(LISTED RECORDS)
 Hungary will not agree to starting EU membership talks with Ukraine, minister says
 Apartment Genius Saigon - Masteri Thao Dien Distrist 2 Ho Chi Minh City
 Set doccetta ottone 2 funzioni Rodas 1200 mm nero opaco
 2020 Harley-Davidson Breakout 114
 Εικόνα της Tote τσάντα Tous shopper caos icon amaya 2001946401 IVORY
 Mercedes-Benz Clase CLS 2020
(End LISTED RECORDS)
Up to and including the final line of the data above, please copy every line exactly, starting from the one that contains "Apartment Genius Saigon".

__EXERCISE ANSWER__
 Apartment Genius Saigon - Masteri Thao Dien Distrist 2 Ho Chi Minh City
 Set doccetta ottone 2 funzioni Rodas 1200 mm nero opaco
 2020 Harley-Davidson Breakout 114
 Εικόνα της Tote τσάντα Tous shopper caos icon amaya 2001946401 IVORY
 Mercedes-Benz Clase CLS 2020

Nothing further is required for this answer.